How to make a busy-board? Besides having few tools and some supplies – which helps – you also need a certain mindset. You can achieve it. Shift your view from adult perception to childish desire to fool around with things. Try to remember what you messed around with most when you were a toddler.
Did you turn off the light in WC all the time? Locked up anyone outdoor in freezing cold? Pulled the rotary phone off the hallway table?
Let’s refresh these emotions. A great way to find inspiration for DIY toys is children’s museums. Oversized objects and tactile experiences bring the childhood vibe back. Skip the science and go straight to interactive play installations. Usually it’s gears and wheels and construction blocks, but quite often they do get more creative. Let us share some of our favorite ideas.
A great idea on the intersection of interactive installation and building blocks. And clouds, of course! That’s exactly why it’s N1 on our list.
Nothing new about using cardboard and wine corks. But Tali did a great job by creating a unified space with holistic and stylish experience.
I love how this installation is so visual and stuffed with knowledge. And still on the fun side thanks to an abundance of the hands-on elements. It’s worth going all the way to Beijing!
This concept is perfect. How do you get the kid not to run away from you? You don’t. You loop the runway and stand there sipping your green tea while the kids are trotting by again and again. Genius!
A marvelous piece. I adore how Madame Kusama found a way to document the transforming magic of children’s touch. A new challenge for me. I’d love to incorporate some elements with a similar effect into busy-boards.
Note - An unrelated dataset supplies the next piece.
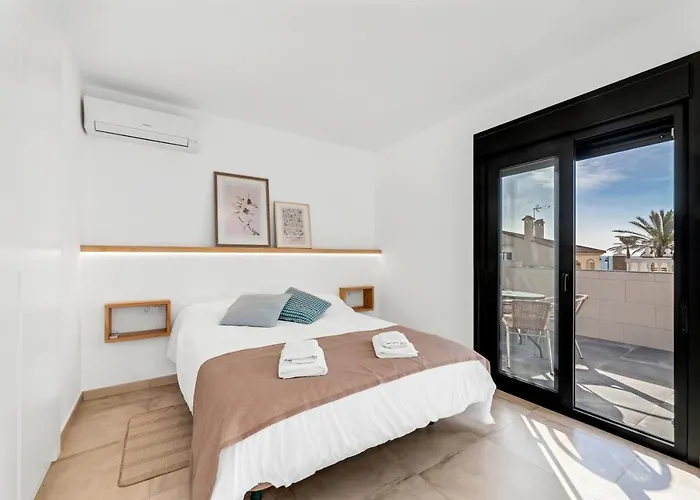 Casa Del Puerto, Encanto Junto Al Mar * Estepona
Gotta brainstorm about it!
Consider your upcoming busy-board your kid’s own private interactive work of art. And now, do your best! Try experimenting with shapes, sounds, forms, textures, materials, kinetics and visuals.
Maybe, you’d like to combine the parts on your busy board into funny faces to add emotional development – like here.
Or, set off an area of your busy board for stickers, photos, or flashcards.